Клятва нешуточная; это, как уже часто говорено, самое замечательное дело за последнюю тысячу лет. За ним следуют и будут следовать результаты. Исполнение этой клятвы означает мрачную, отчаянную борьбу людей со всеми условиями и окружением, борьбу с грехом и мраком, увы, пребывающими в них самих настолько же, насколько и в других; таково царство террора. Смыслом его, хотя и неосознанным, было трансцендентальное отчаяние. На что только люди во все времена не надеялись понапрасну: на братство, на наступление Золотого Века Политики; истинным всегда было незримое сердце всего трансцендентальное отчаяние; никогда оно не оставалось без последствий. Отчаяние, зашедшее столь далеко, так сказать, замыкает круг и становится своего рода источником подлинной и плодотворной надежды.
Учение о братстве, унаследованное от старого католицизма, действительно неожиданно спускается на колеснице Жан-Жакова евангелия со своей облачной небесной тверди и из теории с определенностью становится практикой. Но то же самое бывает у французов со всеми верованиями, намерениями, обычаями, знаниями, идеями и явлениями, которые внезапно сваливаются на людей. Католицизм, классицизм, сентиментализм, каннибализм - все "измы", составляющие человека во Франции, с грохотом рушатся в эту бездну, и теория становится практикой, и то, что не может плавать, тонет. Не только евангелист Жан Жак - нет ни одного сельского учителя, который не внес бы свою лепту; разве мы не говорим "ты" друг другу, подобно свободным народам древности? Французский патриот в красном фригийском колпаке Свободы называет своего бедного маленького наследника Катоном-цензором или, как там его, Утическим. Бабеф, издающий газету, стал Гракхом; Муций Сцевола - сапожник с подобной же геройской душой - председательствует в секции Муция Сцеволы; короче говоря, весь мир здесь перемешался, чтобы испытать, что всплывет.
Поэтому мы, во всяком случае, назовем это царство террора очень странным. Господствующий санкюлотизм расчищает себе, так сказать, поле действий; это одно из самых странных состояний, в каком когда-либо находилось человечество.
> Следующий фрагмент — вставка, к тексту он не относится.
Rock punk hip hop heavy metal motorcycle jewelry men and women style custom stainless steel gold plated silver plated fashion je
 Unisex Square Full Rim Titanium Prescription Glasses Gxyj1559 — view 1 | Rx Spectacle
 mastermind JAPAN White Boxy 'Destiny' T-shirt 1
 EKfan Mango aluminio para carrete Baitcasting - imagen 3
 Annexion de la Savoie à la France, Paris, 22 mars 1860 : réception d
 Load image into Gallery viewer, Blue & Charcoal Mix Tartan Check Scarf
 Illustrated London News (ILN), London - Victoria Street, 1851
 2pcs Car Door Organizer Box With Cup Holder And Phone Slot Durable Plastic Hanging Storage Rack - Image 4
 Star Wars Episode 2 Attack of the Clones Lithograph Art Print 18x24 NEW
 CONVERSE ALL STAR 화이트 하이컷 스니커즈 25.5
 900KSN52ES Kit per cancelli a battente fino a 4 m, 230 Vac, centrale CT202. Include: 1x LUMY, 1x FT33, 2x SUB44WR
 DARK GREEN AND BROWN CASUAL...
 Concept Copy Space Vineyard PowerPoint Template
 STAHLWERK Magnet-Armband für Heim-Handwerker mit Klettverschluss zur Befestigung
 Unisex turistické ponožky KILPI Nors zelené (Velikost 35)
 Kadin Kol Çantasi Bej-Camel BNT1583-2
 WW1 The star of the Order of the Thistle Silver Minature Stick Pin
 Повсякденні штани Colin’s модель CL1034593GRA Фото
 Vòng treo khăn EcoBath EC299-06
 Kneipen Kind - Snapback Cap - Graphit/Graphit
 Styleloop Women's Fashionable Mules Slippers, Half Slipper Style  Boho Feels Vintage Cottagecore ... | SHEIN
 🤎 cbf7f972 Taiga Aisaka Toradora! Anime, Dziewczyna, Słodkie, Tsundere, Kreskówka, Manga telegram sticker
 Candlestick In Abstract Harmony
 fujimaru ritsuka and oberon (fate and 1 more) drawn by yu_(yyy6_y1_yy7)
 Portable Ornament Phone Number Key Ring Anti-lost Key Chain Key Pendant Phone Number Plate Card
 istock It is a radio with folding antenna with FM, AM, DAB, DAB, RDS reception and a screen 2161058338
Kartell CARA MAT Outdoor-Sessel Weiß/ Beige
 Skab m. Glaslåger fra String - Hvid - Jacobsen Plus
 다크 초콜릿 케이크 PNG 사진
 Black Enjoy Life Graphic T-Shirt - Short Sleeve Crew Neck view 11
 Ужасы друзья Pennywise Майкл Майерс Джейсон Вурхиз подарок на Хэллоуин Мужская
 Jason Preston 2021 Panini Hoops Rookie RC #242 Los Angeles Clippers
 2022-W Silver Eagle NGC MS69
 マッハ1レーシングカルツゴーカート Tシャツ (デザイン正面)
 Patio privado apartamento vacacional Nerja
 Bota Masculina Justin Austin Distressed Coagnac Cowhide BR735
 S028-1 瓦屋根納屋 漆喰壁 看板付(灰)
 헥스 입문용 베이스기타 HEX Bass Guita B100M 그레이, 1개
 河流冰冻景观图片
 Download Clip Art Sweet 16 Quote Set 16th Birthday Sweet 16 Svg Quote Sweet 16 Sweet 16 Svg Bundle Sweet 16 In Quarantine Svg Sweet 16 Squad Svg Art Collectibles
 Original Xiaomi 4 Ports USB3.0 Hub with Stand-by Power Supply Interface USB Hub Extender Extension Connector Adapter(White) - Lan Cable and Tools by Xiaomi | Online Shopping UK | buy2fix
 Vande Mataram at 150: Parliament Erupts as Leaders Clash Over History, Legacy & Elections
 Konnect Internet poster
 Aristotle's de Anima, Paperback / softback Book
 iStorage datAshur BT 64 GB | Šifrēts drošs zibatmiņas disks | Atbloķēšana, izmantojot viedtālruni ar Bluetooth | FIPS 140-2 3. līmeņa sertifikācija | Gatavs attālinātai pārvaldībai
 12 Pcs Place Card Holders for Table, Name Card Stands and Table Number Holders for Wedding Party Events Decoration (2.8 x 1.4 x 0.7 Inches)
Целая нация с массой потребностей и обычаев! Старые обычаи обветшали и отброшены, так как они устарели; люди, движимые нуждой и пифийским безумием, хотят тотчас найти способ удовлетворения этой нужды. Обычное рушится; подражание и изобретательность поспешно создают необычайное. Все, что содержит в себе французский национальный разум, проявляется наружу, и если результат получается не великий, то, наверное, один из самых странных.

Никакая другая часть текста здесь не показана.